Partitioning / Sharding

Splitting database or service across multiple nodes for scalability, such that each one has a subset of the whole data. To handle increased query rates and data amounts, we strive for balanced partitions and blaanced read/write load.

Partitioning must be balanced so that each partition recieves about the same amount of data - if it is unbalanced a majority of the queries will fall into a few partitions and become heavily loaded system bottlenecks.

Vertical Sharding

Distributing tables across multiple nodes, where separate databases are used for sets of tables (e.g. payments related tables in one database server, and user related tables in another database server).

We need to be careful if there are joins between multiple tables, and keep them together on one shard.

Often used to increase the speed of data retrieval from a table consisting of columns with very wide text or binary object data. In this case the column with the large text or blob is split into another table.
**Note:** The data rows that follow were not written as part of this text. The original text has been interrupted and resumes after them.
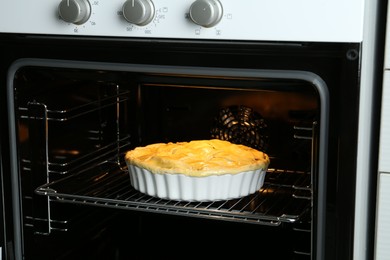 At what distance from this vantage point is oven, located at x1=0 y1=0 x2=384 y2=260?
1.32m

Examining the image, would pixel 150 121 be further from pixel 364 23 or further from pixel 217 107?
pixel 364 23

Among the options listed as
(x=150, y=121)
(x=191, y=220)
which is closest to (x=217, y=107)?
(x=150, y=121)

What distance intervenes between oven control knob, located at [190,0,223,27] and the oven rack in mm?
383

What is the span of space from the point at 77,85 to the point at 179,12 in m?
0.44

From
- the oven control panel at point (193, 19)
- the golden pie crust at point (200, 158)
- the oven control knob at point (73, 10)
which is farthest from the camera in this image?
the golden pie crust at point (200, 158)

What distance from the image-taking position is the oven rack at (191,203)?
4.91 feet

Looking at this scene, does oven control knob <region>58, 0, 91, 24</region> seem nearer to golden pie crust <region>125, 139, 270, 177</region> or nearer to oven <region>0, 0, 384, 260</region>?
oven <region>0, 0, 384, 260</region>

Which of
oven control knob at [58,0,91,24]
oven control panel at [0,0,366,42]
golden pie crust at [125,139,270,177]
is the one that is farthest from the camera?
golden pie crust at [125,139,270,177]

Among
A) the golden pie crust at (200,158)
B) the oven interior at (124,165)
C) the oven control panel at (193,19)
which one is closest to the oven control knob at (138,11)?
the oven control panel at (193,19)

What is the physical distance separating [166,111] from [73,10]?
1.50ft

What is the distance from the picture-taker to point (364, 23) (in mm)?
1279

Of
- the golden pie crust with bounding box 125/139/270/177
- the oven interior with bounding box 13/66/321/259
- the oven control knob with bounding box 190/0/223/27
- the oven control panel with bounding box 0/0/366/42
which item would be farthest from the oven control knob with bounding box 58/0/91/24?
the golden pie crust with bounding box 125/139/270/177

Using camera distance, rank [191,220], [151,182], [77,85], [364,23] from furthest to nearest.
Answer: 1. [191,220]
2. [77,85]
3. [151,182]
4. [364,23]

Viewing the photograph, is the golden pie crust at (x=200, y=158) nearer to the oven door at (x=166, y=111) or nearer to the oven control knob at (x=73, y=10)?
the oven door at (x=166, y=111) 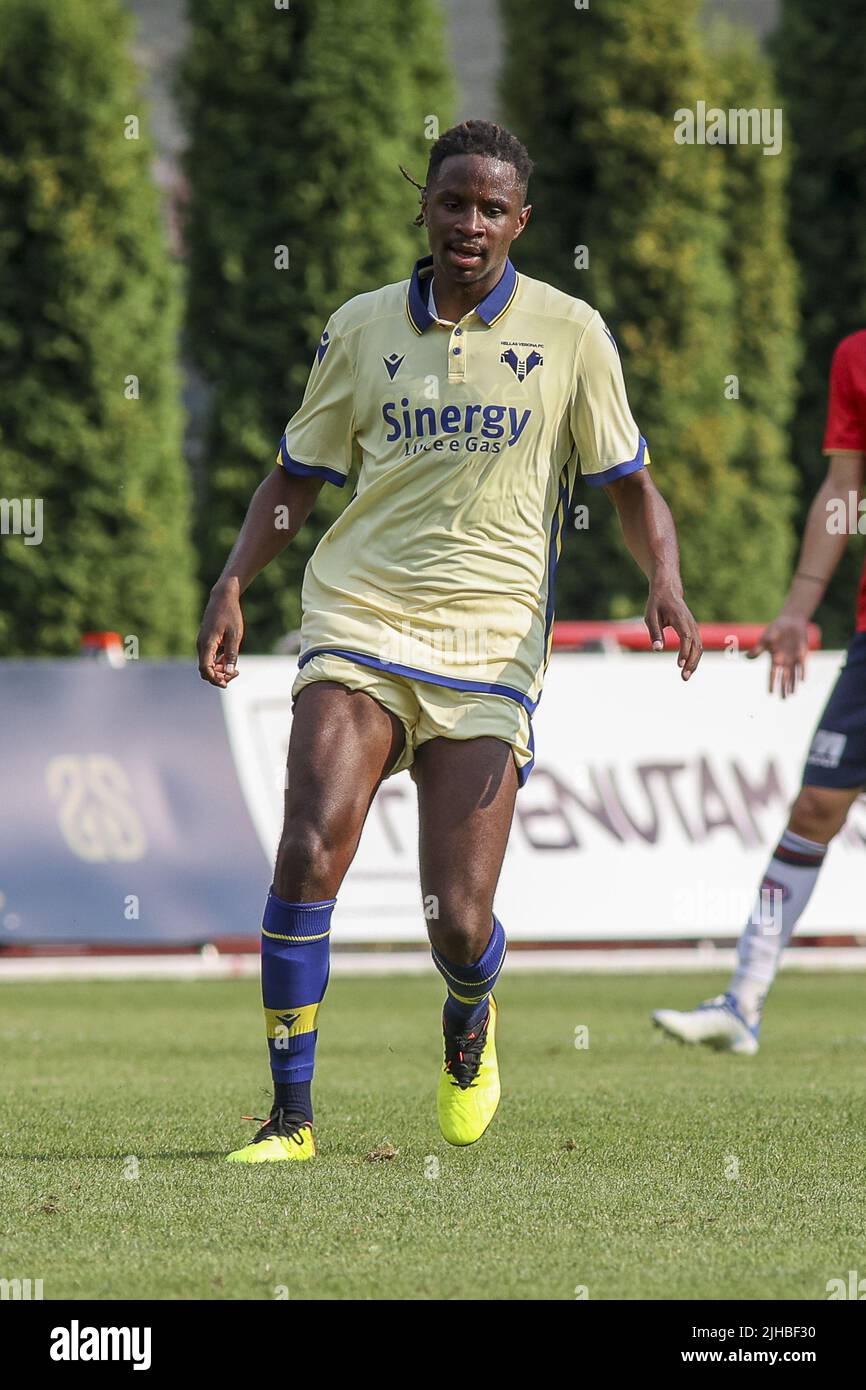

This is usually more ameanable to manual sharding.

Horizontal Sharding

When tables in the database become too big they also affect read/write latency - and horizontal sharding helps splitting the data row-wise and distributing each partition over database servers.

Strategies
  1. Key-range based sharding

    • Details:
      • each partition is assigned a continuous range of keys
      • for tables in a relation (bound by foreign key) use the same partition, and tables that belong to the same partition key are colocated in the same partition
      • a partition key table is used by applications to look for data in a specific shard
      • a created_at column serves as the data consistency point, assuming clocks of nodes are synhronized
    • Pros:
      • easy to implement range queries as we know exactly which node/shard to look for a specific range of keys
    • Cons:
      • range queries on data other than partition key is hard
      • some nodes may store more data due to uneven distribution
  2. Hash-based sharding

    • Details:
      • uses hash function on an attribute
      • gives each partition a range of hashes
    • Pros:
      • uniform distribution of keys
    • Cons:
      • can't use to perform range queries
Some Key Concepts
  1. Consistent Hashing

    • Details:
      • assigns each server or item in a distributed has table a place on an abstract circle (hash ring) irrespective of the number of servers/shard on the table.
      • this permits servers/shard to scale without compromising the system's overall performance i.e. minimal reshuffle due to adding or removing shards when using hash based sharding
    • Pros:
      • easy to scale horizontally
      • increases throughput and improves latency
    • Cons:
      • randomly assigning nodes on the ring may cause non-uniformity
  2. Rebalancing

    • Details:
      • query load can get imbalanced across nodes due to:
        • distributionof data not being equal
        • too much load on a single partition
        • increase in query traffic
      • key strategies:
      • avoid hash mod n (as changing number of shards will re-shuffle all data)
      • fixed number of partitions
      • dynamic partitioning
      • partition proportionally to nodes
  3. Partioning and Secondary Indexes

    • strategies for managing secondary indexes in a partitioned database:
      • Partition by Document: Local indexes that are independent per partition.
      • Partition by Term: Global indexes that span all partitions, suitable for read-heavy workloads but complicating writes.
  4. Request Routing

    • Ensuring clients connect to the correct data node:
      • Direct Routing: Clients have knowledge of the partitioning scheme.
      • Routing Tier: A middleware layer that directs client requests based on partition information.
      • ZooKeeper: Manages cluster state and routing information, notifying clients or routing layers of changes.
Key Issues to Look Out For
  • Hot spots / Skews
  • Key Hash Based Partition
  • Rebalancing strategies
  • Routing Logic Placement

Replication

The process of keeping multiple copies of data and syncing data between databases nodes in a consistent way to achieve availability, scalability and performance.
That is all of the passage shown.